By Clean Energy Corps standards, it usually takes two. If we were all psychiatrists, it would only take one person to change the light bulb, but the bulb would really have to WANT to change. Unfortunately none of us are mental doctors used to talking people out of dangerous situations and with all SCA programs, safety comes first! We don’t want anything to happen to anyone while they are alone in a strangers home, so we change out the bulbs in pairs. I’m sure you can understand.

In the lighting program we run, we aim to help residents save $100 on their energy bill and reduce their carbon dioxide emissions by 400 pounds. We accomplish this by replacing their inefficient incandescent bulbs with more efficient CFLs. That’s compact fluorescent lamp for all of you who are not trained lighting specialists. (Don’t feel bad, I just had to look it up again to figure out what the L stood for.) We usually change between 15 to 20 bulbs in each home to help program participants with these reduction goals.

Now I do not know how many of you have tried to change out 20 bulbs AND convince people to also have an energy assessment in their home AND tell them about how to properly recycle burnt out CFLs or clean up broken ones (whatever you do, do NOT sweep them up with a broom or use a vacuum!

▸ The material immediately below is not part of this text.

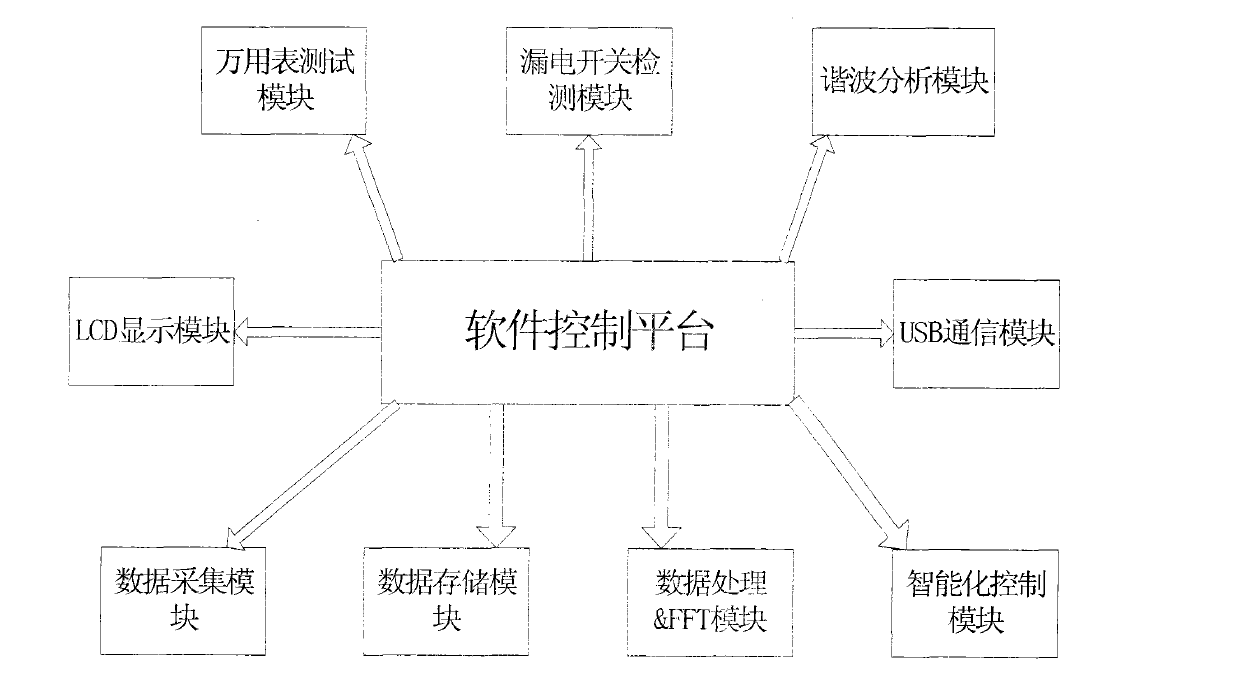 Electronic measurement method and device with compound functions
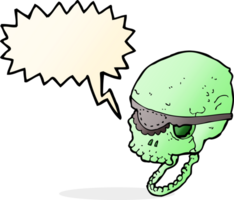 cartoon spooky skull with eye patch with speech bubble png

Use a stiff piece of cardboard and put it all in a plastic bag. Then bring it to Home Depot) AND explain Clean Energy Options (a program where you can require that your electricity supplier purchase your electricity demand from a renewable source) AND do data entry for the bulbs changed out for DOE verification purposes AND find out any community groups the home is affiliated with AND give them information about buying replacement bulbs of appropriate color temperature and wattage in less than an hour, but it can certainly be a feat. This may also be why it takes two people to change out each light bulb.

So I want you to go home and time yourself and see how long it takes you to change all of your bulbs to CFLs. And when you come back, no matter how fast you were able to do it, you will still feel defeated. Because you will then read that Kate and I changed out 37 light bulbs in under an hour. You read correctly – 37 light bulbs in one visit. In less than one hour.

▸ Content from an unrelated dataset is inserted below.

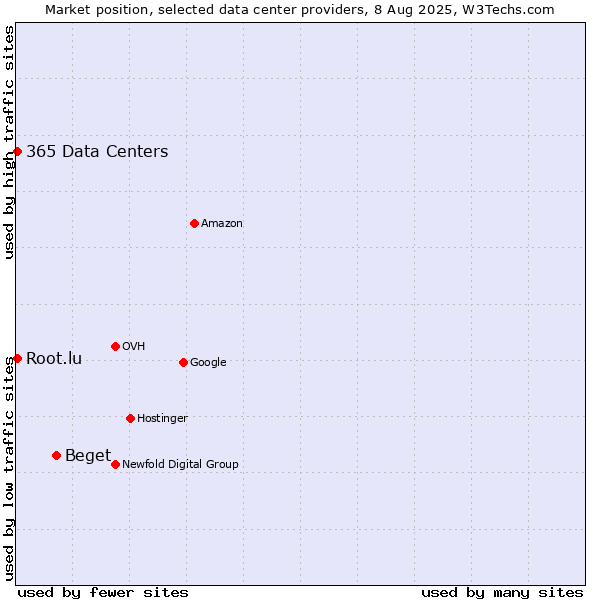Market position of Beget vs. 365 Data Centers vs. Root.lu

And there is no way you could do that. AND do all the other stuff we do in our lighting visits that I didn’t ask you to try. But it is okay. Because we couldn’t either. Not by ourselves. And here is the takeaway message.

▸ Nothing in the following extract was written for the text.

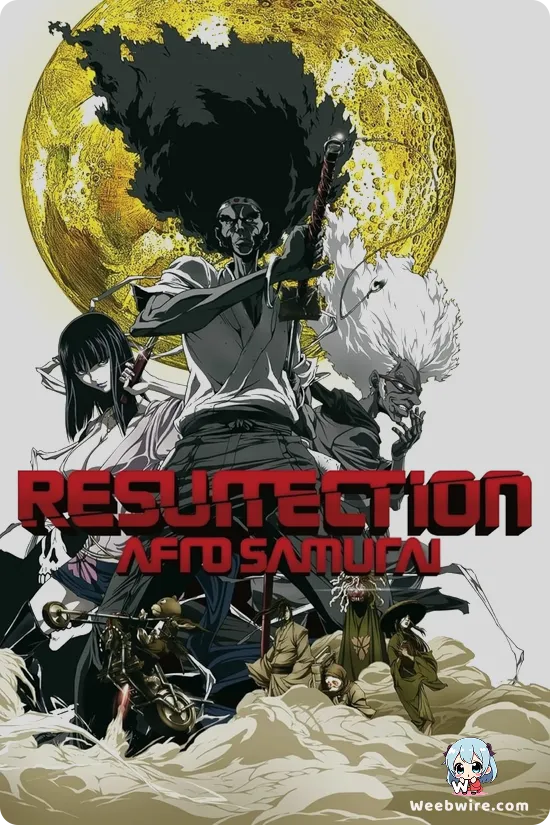 Afro Samurai Poster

People want to help you to help them. And they want to learn anything new you can teach them. We are here to serve, so when people ask if they can help us change out their bulbs, we let them. We don’t feel bad, because hey! They are getting these bulbs for free. And we have a lot of stuff besides lighting we also have to do, so the faster we can get out of there, the better!(Don’t worry, I won’t give you another long list, though it does exist.)

They learn what the CFL wattage equivalent is for each incandescent bulb and why we can’t change their outdoor lights. We explain that we put a bulb with higher light output in their bed lamp so they have enough light to read at night. We get them excited about the future of lighting when they find out that LEDs will be cost competitive by the time their new CFLs burn out.

The beauty of letting people help is that it becomes a family affair –the mom gets involved, the dad gets involved and the kids wonder why Daddy isn’t watching Rudolf with them for the 100th time and come to find out what is so cool about the curly Q lights.

They ask us questions and we are able to make energy use a little less mysterious. We tell them that the local church they belong to is one of our coalition partners and $25 will go back to the church once they complete their energy assessment. They feel good about saving money and helping out their community. They realize we genuinely care about the work we do and even though they didn’t pay us, they sure got a heck of a value. They tell all of their friends about how awesome we are and then the entire town signs up for our program. They all have energy assessments, get insulation and install solar panels. Our program is a raving success and gets rolled out on a national level. Everyone in the country reduces their energy waste by 20 percent. We no longer have to worry about not having power for weeks because energy distribution becomes localized. There are no more wars ever and asthma rates reduce dramatically.

Okay, so maybe this doesn’t all happen overnight. But this is what we are trying to do here. And it all starts by changing out a few light bulbs.